Colombian Bishop Blames Government, Armed Groups for Unrest Latin American Herald Tribune April 25, 2018
BOGOTA – The bishop of Tumaco, Orlando Olave Villanova, said in an interview with EFE that this southwestern Colombian city on the border with Ecuador is being stifled by the government’s neglect and the escalation of violence by illegal armed groups.
Olave said the Pacific port city – one of the poorest in the country – is so deteriorated that many of its 200,000 inhabitants have come to miss the times when the area was dominated by FARC guerrillas.
“Violence started 25 years ago,” Olave said. “This reality at the border is the result of the lack of institutionality, the lack of a state, to the point where people say that ‘we were better off with the FARC.’”
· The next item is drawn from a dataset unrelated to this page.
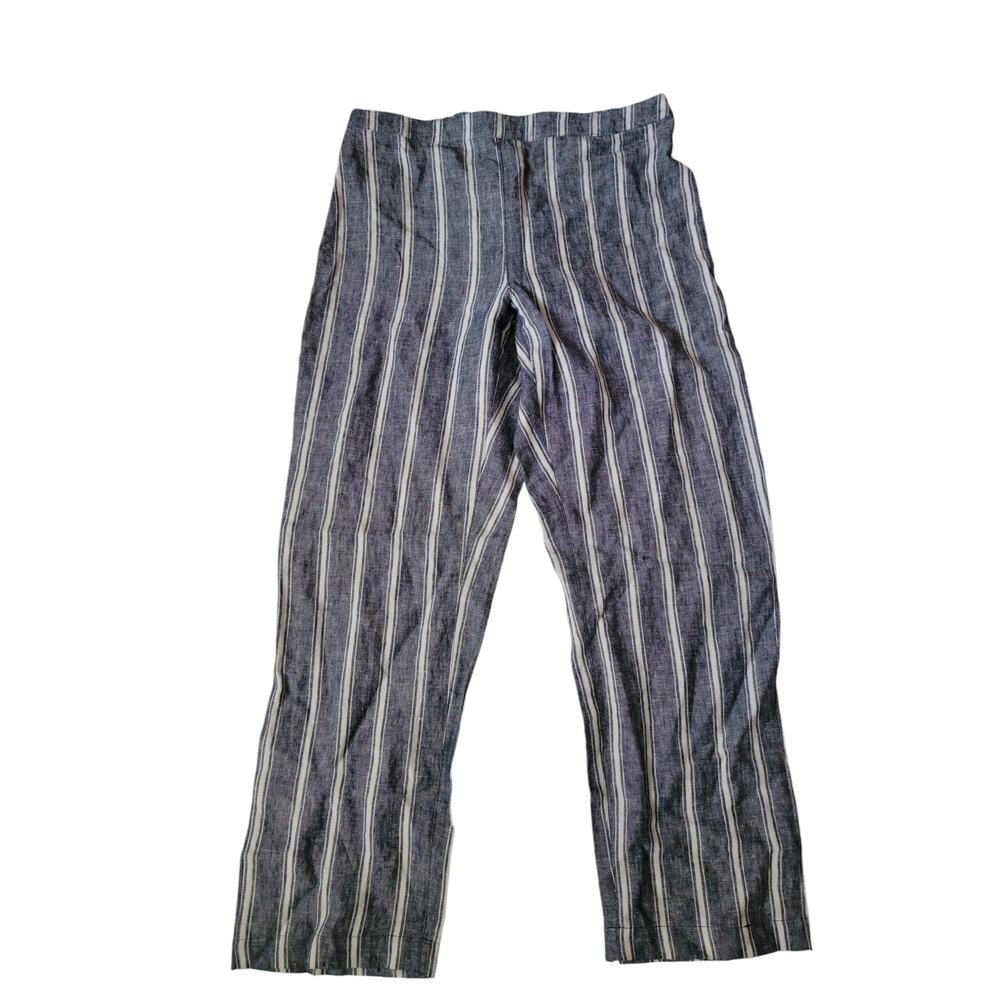 Chicos Pants Womens Medium‎ Linen Blue White Pull On Elastic Waist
Crime, violence, a lack of roads, unemployment, low-quality education and limited access to fuel, electricity and other public services are among the ills plaguing Tumaco, located in Nariño province, worsening poverty and encouraging the proliferation of drug cartels, which control some 23,000 hectares (56,800 acres) of coca crops, the largest plantations in the country.
The bishop also said that most Tumacans want to stop growing coca but have no other alternatives, as they are paid a mere 5,000 pesos ($1.70) per kilo (2.2 lbs) of cacao, a crop whose production is more expensive than coca, which brings high prices.
The resurgence of guerrilla violence one year after the signing of a peace agreement with the FARC prevents Tumacans from leading normal lives, as the constant attacks from a splinter group calling itself the Oliver Sinisterra Front cut power to the city several times this year.